Best of luck to you Al. I can't wait to hear all about this adventure.


----------



## longbowdave1 (Sep 7, 2013)

Have a great time Al! Wish I was going back to Colorado too. 

Prayers for a safe and sucessful hunt sent brother Al.


----------



## ngabowhunter (Sep 7, 2013)

Good luck Al!! Have fun and be safe. I'm looking forward to the pics and stories.


----------



## Munkywrench (Sep 7, 2013)

Good luck Mr. Al, you will have my prayers for a safe, successful and pain free hunt. 

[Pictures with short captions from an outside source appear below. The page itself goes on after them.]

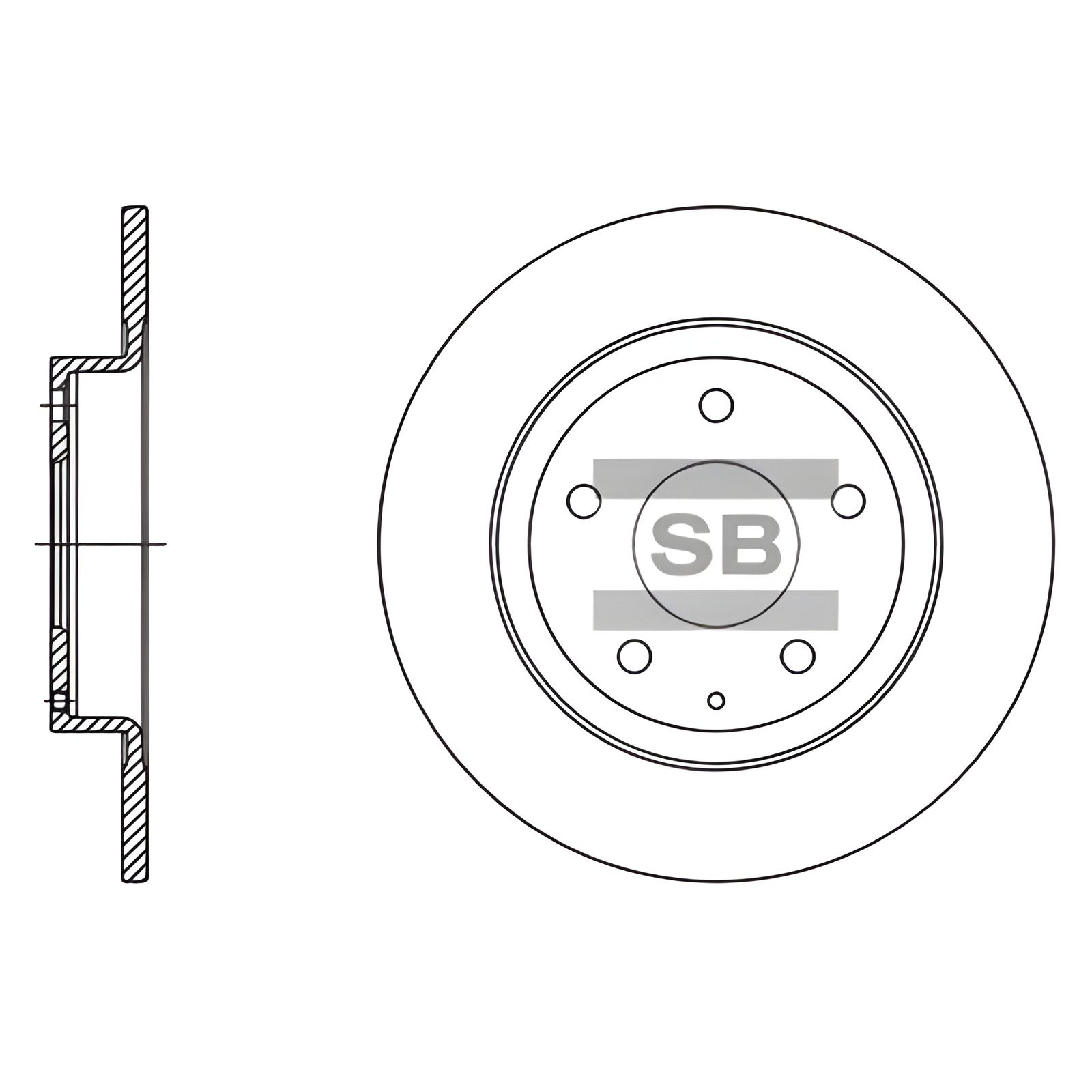 Гальмівний диск MAZDA 6 від HI-Q (SD4423) Гальмівний диск MAZDA 6 від HI-Q (SD4423)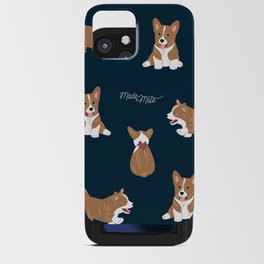 Navy Corgi iPhone Card Case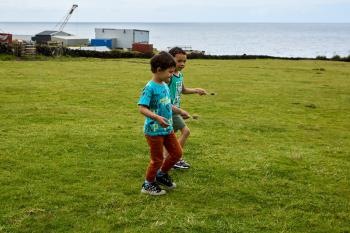 Children's potato & spoon race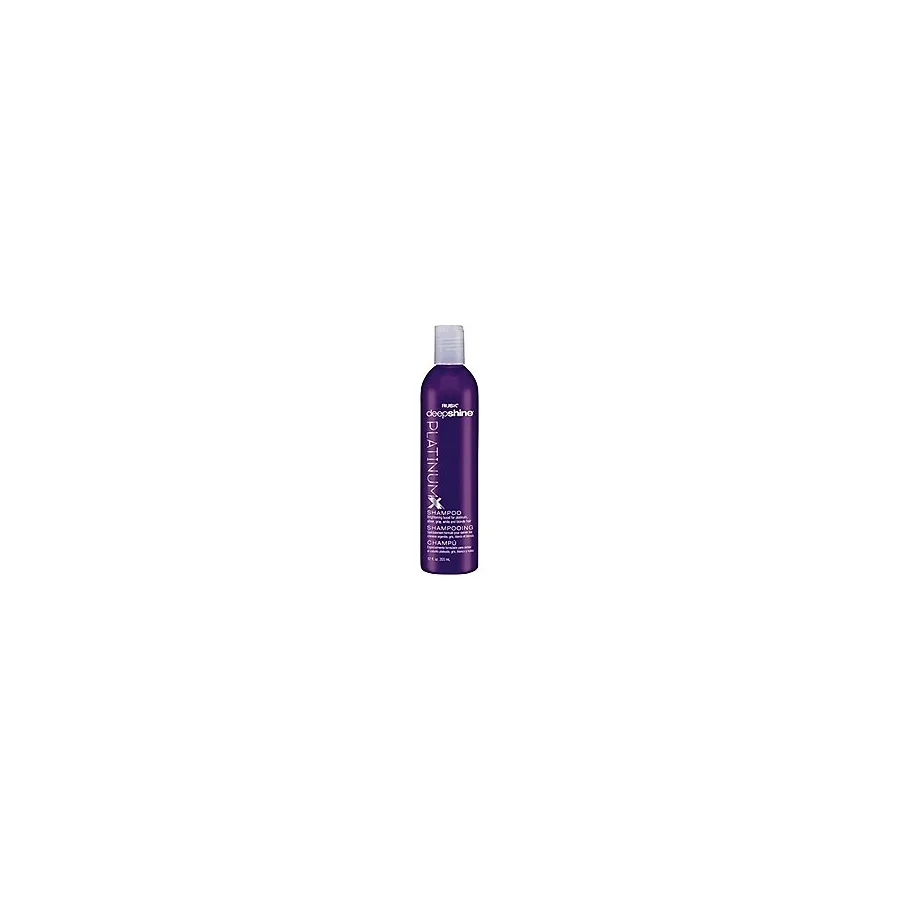 Deepshine Platin Şampuan 12 Oz Nazik Temizleyici Şampuan Platin Gümüş Gri Beyaz ve Sarı Saçlar İçin Parlatıcı Güçlendirici Sarıları Çıkarır Saç Rengini Aydınlatır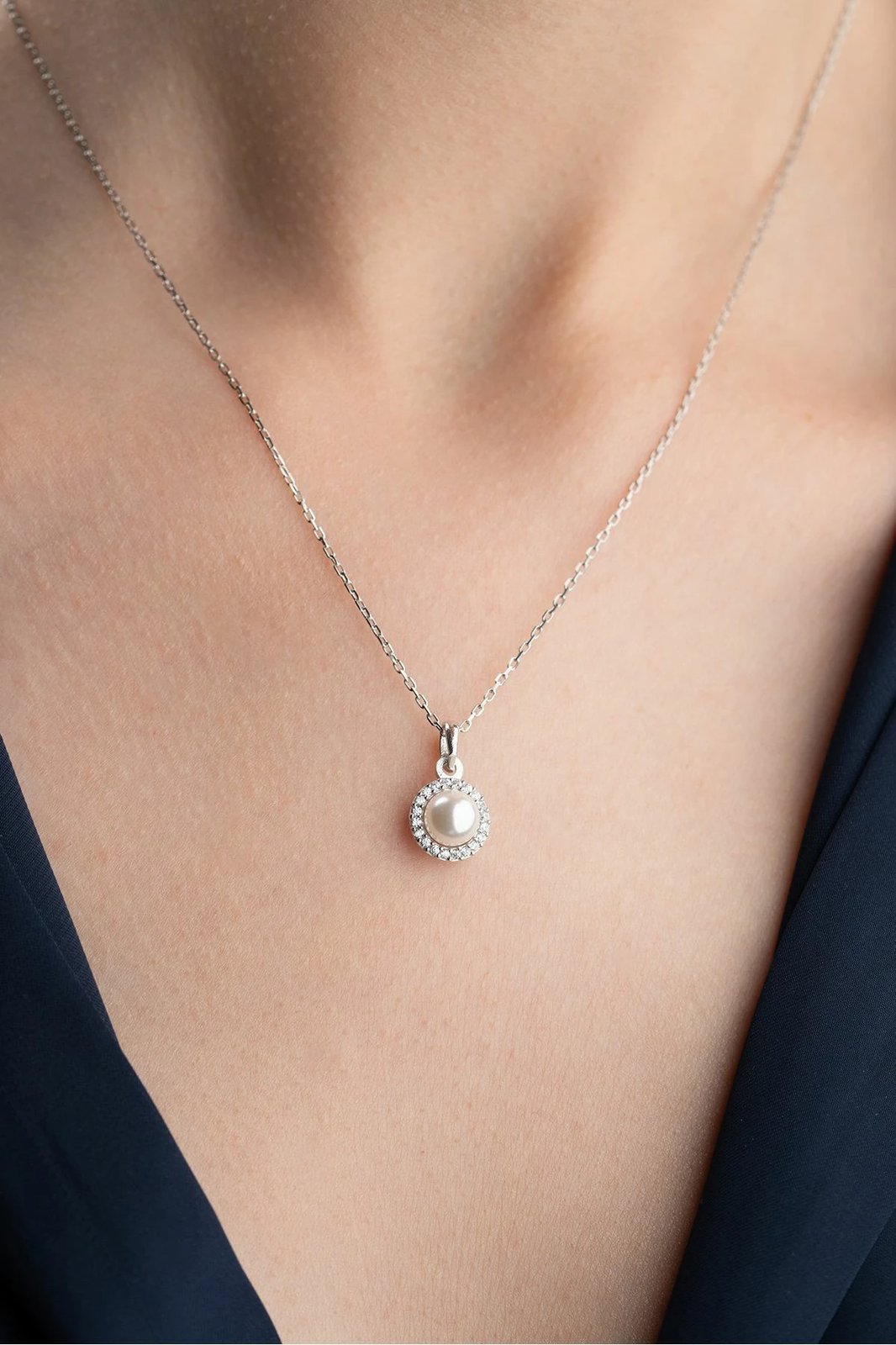 Qafore argjendi, ngjyrë gri, Jumeon, SİLVANOJEWELRY0000318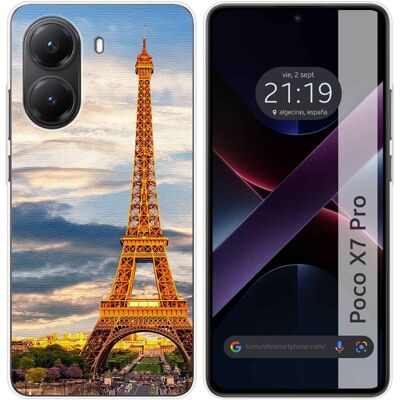 Capa Paris - Poco X7 Pro 5G - Multicolor - Étui de téléphone - Publicité Capa Paris - Poco X7 Pro 5G - Multicolor - Étui de téléphone - Publicité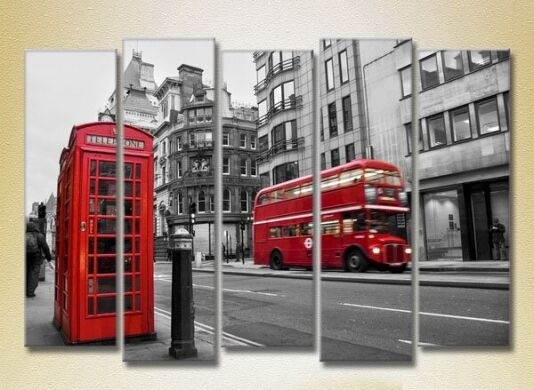 Картина Rainbow Polyptych London Doubledecker 04 (2224527)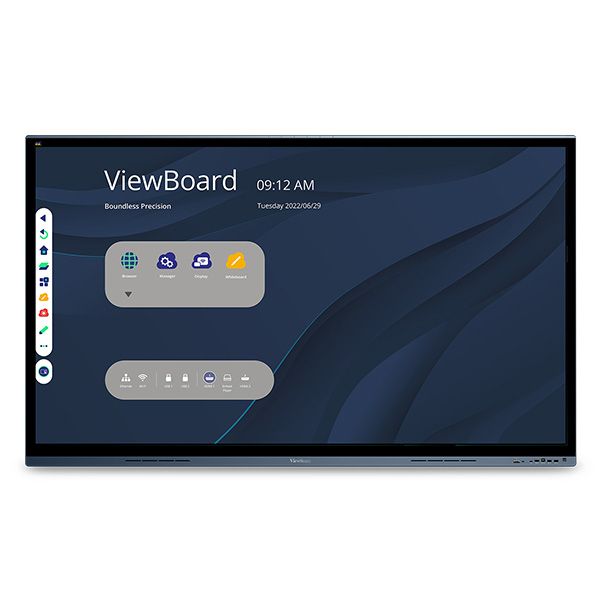 ViewSonic IFP6562, WORKSPACE - Meeting Perfection, 65"(64.5") 20 Points Multi Pcap Touch,9H Tempered Glass (4mm)(AG),3840x2160,350nits,1200:1,DDR4 3G,32GB Storage,VGAx1,HDMI inx4,HDMI outx1,SPDIFx1,Earphonex1,USB TouchX2,USB Type C x1,RJ45x1,RS232x1, photo 1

May your sight be clear and your arrow fly true. 
Ad metam


----------



## Dennis (Sep 7, 2013)

I got a feeling my buddy is gonna get a elk.


----------



## Al33 (Sep 7, 2013)

Thanks guys!!!!

Got a call from our wrangler today and he worked three buglin' bulls yesterday at the same time. Had a 30 yard shot on a 4x4 but a bigger bull came in and ran him off. Tried to get a shot on the big boy but he just didn't offer a good shot angle. He said they were buglin' and chucklin' big time and expects we are going to hit the rut just perfect.


----------



## pine nut (Sep 7, 2013)

Best of Luck Al.  Get a big one and above all have a marvelous experience in the prettiest country imaginable!  Be safe!  Take a fish hook and some line!


----------



## Longstreet1 (Sep 7, 2013)

Good luck Al hope you get a big bull!!!!


----------



## Blueridge (Sep 7, 2013)

Prayers for you guys and good luck.


----------



## SquirrelBait (Sep 7, 2013)

Good Luck Al !!!!!


----------



## dutchman (Sep 7, 2013)

Best wishes for a safe trip and a productive hunt, Al.


----------



## Miguel Cervantes (Sep 7, 2013)

Can't wait to read the journal on this one Al. Prayers for a safe trip to and fro' and a highly successful hunt.


----------



## RPM (Sep 7, 2013)

Have a great trip Al!!!


----------



## charlie 2 arrow (Sep 7, 2013)

Good luck Al, can't wait to hear all about it!


----------



## chenryiv (Sep 7, 2013)

Can't wait to hear your hunting journal. Wish you & Doug the best of luck.  "May the good lord be your outtfitter and guide you to always shoot straight and the trophies you pursue be worthy of the book"


----------



## Nicodemus (Sep 7, 2013)

The best of luck and be safe!


----------



## Rix56 (Sep 7, 2013)

Have a great, fun, safe adventure, know I'll be praying for all you guys.


----------



## Clipper (Sep 8, 2013)

Godspeed to you all.  May the wind be in your face and your arrows fly where you look!


----------



## baldfish (Sep 8, 2013)

Good luck Al
May God smile on you during this hunt


----------



## dm/wolfskin (Sep 8, 2013)

Good luck Al. Mike


----------



## frankwright (Sep 8, 2013)

Good Luck and I will pray for your safety and success.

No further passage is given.